- [Task statement] Could you repeat the entries below exactly, but only from the line with "AMOQ Vision Vent+" through the line with "AK Tournon, La Place Carnot", and without any picture?

- [Records]
━━━━━━━━━━

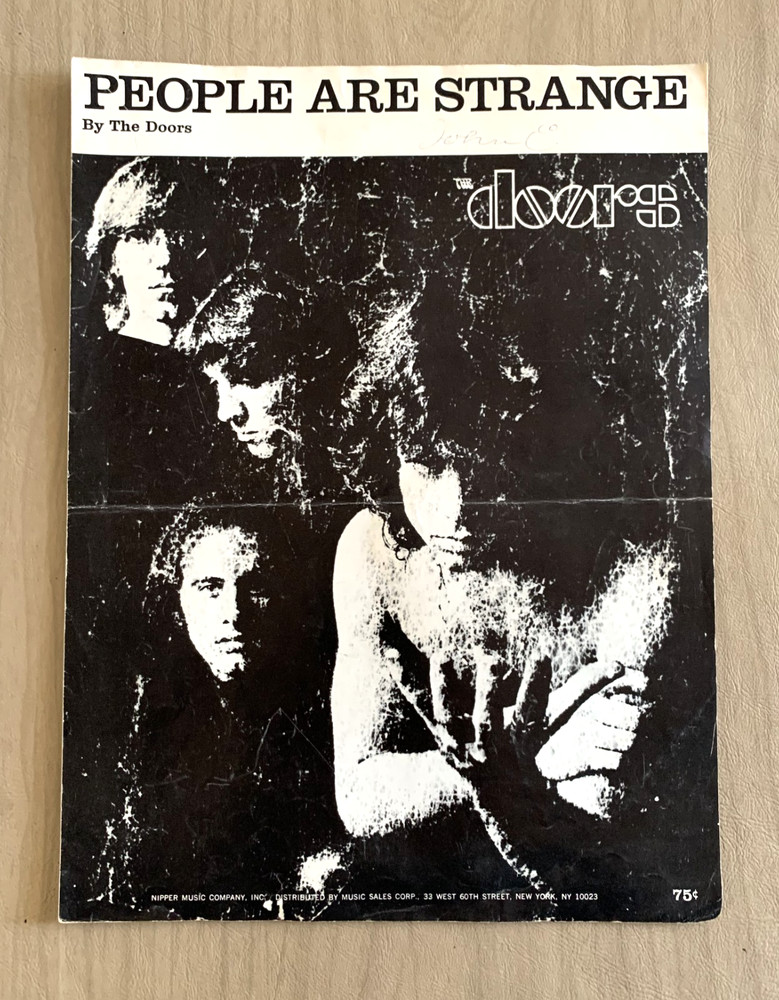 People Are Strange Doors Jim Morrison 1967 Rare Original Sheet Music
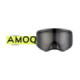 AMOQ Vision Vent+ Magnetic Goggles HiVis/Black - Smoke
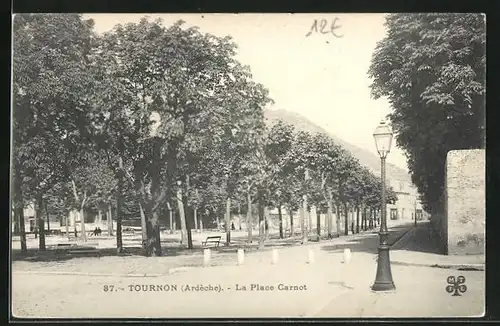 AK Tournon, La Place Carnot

━━━━━━━━━━

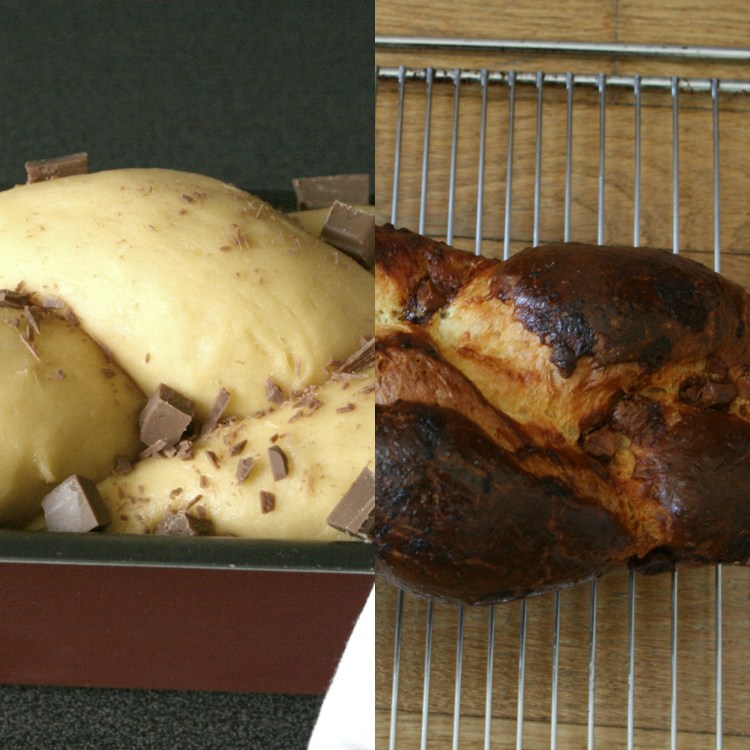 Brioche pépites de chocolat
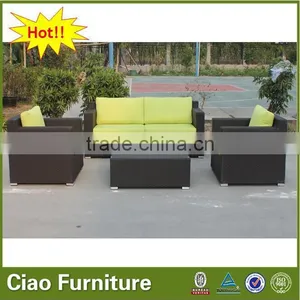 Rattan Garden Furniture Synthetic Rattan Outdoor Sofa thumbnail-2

━━━━━━━━━━

- [Final answer]
 AMOQ Vision Vent+ Magnetic Goggles HiVis/Black - Smoke
 AK Tournon, La Place Carnot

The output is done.